The car lab was in the form of a specially kitted out Mercedes SUV, and the applications to be validated using the lab were all in the field of infotainment and, specifically, those with an audio component.

Enhancing in-car audio quality

“We chose to look at applications which focused on audio improvement inside the vehicle,” says Marega. “For example, if you listen to music in a car you also listen to other noise; the wind, the outside environment, tyres on the road, all sorts of extraneous noises which degrade your listening.”

To accomplish this task, dozens of microphones were positioned inside the car, as were dozens of speakers, to evenly distribute sound.

The high-level algorithms from application developers then processed the audio to greatly enhance sound quality while minimising the impact of the noise.

Other clever bits of software improve the audio quality by taking into account the influence of different features, such as the texture of the seats, the shape of the cockpit and the presence of passengers.

Ensuring that people in the back of the car can hear as well as people in the front – in other words equal distribution of the enhanced sound quality throughout the car – was another achievement. This was not just for listening to music but also for optimising the sound of conversations between people in different positions in the car and of incoming phone calls.

Template for future car audio

According to Marega, the reason the car lab was chosen was because the infotainment applications are typical embedded applications requiring complex, usually heterogeneous, hardware architecture.

“The hardware in the car lab uses a lot of different components, including a variety of general purpose processors and reconfigurable processors. The applications are processed through the HARTES tool chain, and we are able to validate and demonstrate inside the car the algorithms and synthesisers for this applications platform,” he explains.

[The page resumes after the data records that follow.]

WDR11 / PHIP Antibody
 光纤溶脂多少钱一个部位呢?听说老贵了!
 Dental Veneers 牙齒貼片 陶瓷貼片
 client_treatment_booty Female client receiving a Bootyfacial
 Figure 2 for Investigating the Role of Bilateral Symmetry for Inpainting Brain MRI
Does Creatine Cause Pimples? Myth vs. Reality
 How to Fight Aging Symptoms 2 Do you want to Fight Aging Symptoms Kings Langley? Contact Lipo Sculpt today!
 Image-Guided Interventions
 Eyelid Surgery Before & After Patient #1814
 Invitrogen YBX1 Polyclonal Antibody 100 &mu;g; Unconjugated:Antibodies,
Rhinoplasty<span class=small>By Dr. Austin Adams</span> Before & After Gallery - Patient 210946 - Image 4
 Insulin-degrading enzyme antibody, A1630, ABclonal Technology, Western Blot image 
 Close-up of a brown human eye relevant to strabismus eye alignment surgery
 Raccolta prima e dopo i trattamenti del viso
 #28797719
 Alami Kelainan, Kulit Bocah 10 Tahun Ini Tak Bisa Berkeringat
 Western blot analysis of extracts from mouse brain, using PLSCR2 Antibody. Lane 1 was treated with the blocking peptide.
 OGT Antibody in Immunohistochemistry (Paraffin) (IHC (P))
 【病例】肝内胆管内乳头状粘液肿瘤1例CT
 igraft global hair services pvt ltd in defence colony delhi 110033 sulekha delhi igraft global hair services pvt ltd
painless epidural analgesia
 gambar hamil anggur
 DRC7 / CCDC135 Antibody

“This is a real-life case, not just theoretical work on small pieces of code. The developers were able to concentrate on what the applications were supposed to be, using the car’s embedded systems… while the tool chain made sure everything else was handled automatically.”

He says cars of the future will almost certainly have this type of sophisticated sound system as standard thanks, at least partially, to the work done by the project. There will also be closely related applications in cinema, theatre and concert halls with an array of loudspeakers ensuring everybody hears the same quality and level of sound.

“Videoconferencing is another way to use this, making it seem like you are sitting around a table and voices are coming from different directions as in real life,” according to Marega.

He emphasises the tool chain has many other potential uses aside from audio, and that the tools developed will be freely available to download as open source from the project website at the end of the project by anybody who wants to use it.

The industrial partners of the project are also working to commercialise the tool chain or adapt it to work on their own platforms.

HARTES is funded under the ICT strand of the EU’s Sixth Framework Programme for research.